The methods of the present invention include a method for preparing a material for injection into the body, where the method specifically includes providing a first sealed chamber containing a first component of the material, providing a second sealed chamber containing a second component of the material where the sealed chambers are sealed engagement with each other, breaching the sealed engagement between the two chambers, transferring the component from the first chamber to the second chamber in a sealed manner and mixing the two components to produce a homogenous mixture of the material. Optionally, the methods may include transferring the homogenous mixture to another integrated chamber configured to dispense the mixture. Certain of the subject methods further include injecting the material to a target site where the homogenous material is dispensed or ejected directly from the second chamber to the target site. All of the above steps are preferably conducted in a sealed or airtight manner whereby the escape of fumes and/or the intake of ambient air is prevented.

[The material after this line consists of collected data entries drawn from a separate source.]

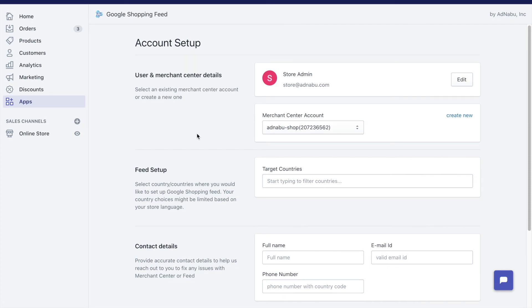Hey guys, today I will take you through how to set up Google Shopping Feed using our app. Once you log in with the Google account, this is the first screen that you will see. This is the email ID that you logged in with.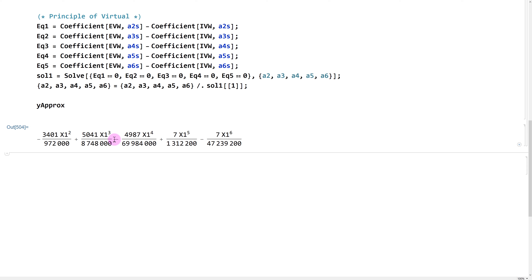With parameters defined, the approximate solution is now a clean function of x1. Keeping parameters as fractions rather than decimals ensures Mathematica gives clean fractional output rather than decimal approximations — though either works. Now we test the validity of our solution by comparing it to the exact solution.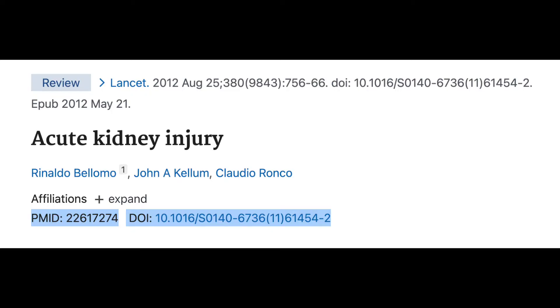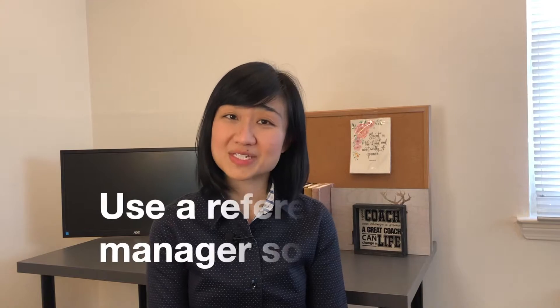What I mean by citing as you write is: when you're writing the first draft and you find an article that you think may go into a certain part, make sure you copy the PMID or the DOI within the manuscript itself, or put it as a comment. The reason is that writing a manuscript can take weeks or months, and by the time you're finalizing your references, you may forget which article you wanted to cite.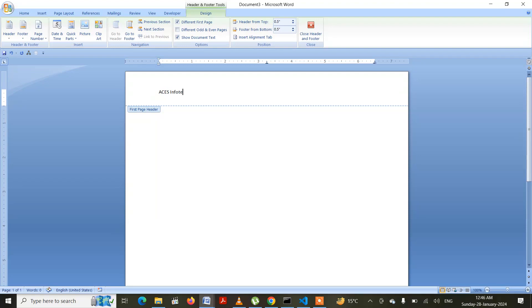Let me write 'SSInfotech'. Let me select this portion of text and align it in the middle. Control+J is for Justify, Control+E is to center, Control+L is for left align, and Control+R is for right align. So for center alignment we will be pressing Control+E.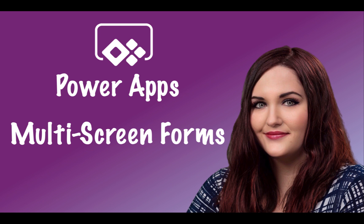Hey everyone, April Dunham here. In today's video, I'm going to show you how to take a form control in PowerApps and split it over multiple screens. But first, here's the intro.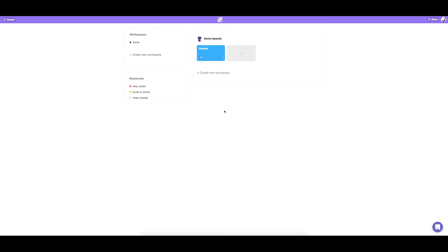Welcome to Infinity, the tool that lets you organize anything and gives you the infinite capacity to do it. In this video we're going to take a quick look at Infinity's essential features to help you get started. So let's dig in.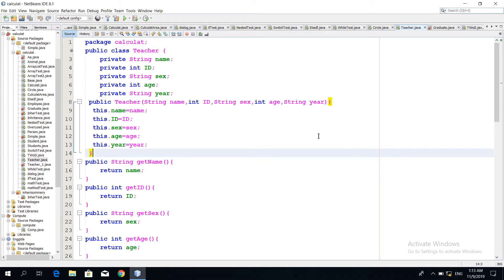If you want to use the data file, you can use it as well. This data is created by the value of the return. This data shows the value of the initialized value and the value of the return. The data is created by this classifier.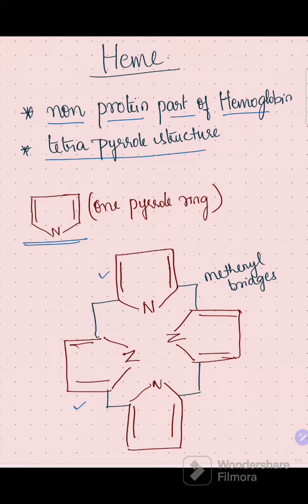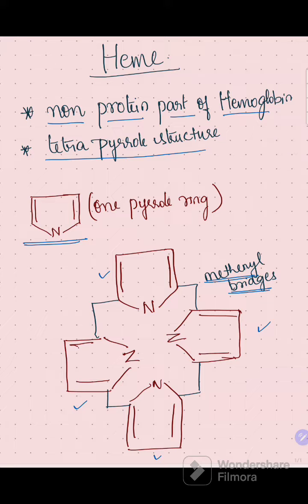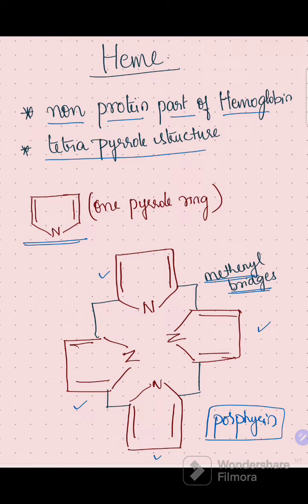Four such pyrrole rings are joined together by methanol bridges. This overall structure — the four pyrrole rings along with the methanol bridges — is called a porphyrin molecule.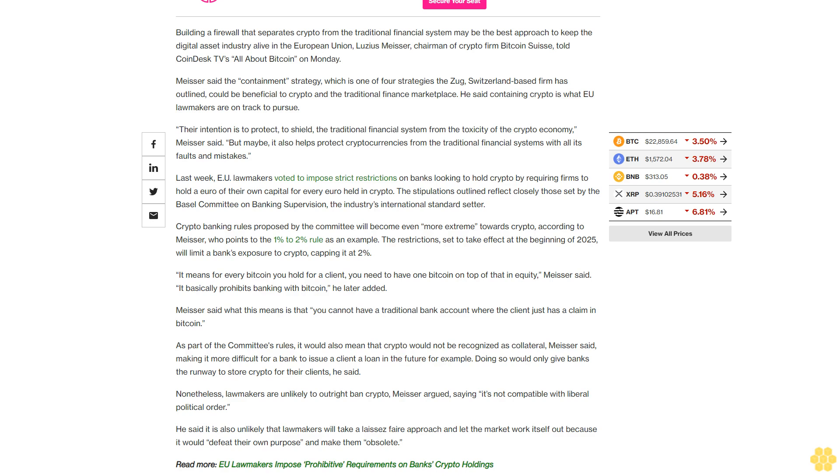Crypto banking rules proposed by the committee will become even more extreme towards crypto, according to Meiser, who points to the 1% to 2% rule as an example. The restrictions, set to take effect at the beginning of 2025, will limit a bank's exposure to crypto, capping it at 2%.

One application of the invention is directed to vertebroplasty wherein a system is provided having a sealed vial containing a liquid material and a sealed chamber containing a powder material where the vial and the chamber are in sealed engagement with each other. Mixing of the two ingredients as described above creates a bone cement material which is dispensable directly from the mixing chamber into at least one vertebra in an airtight manner.

These and other objects, advantages, and features of the invention will become apparent to those persons skilled in the art upon reading the details of the invention as more fully described below.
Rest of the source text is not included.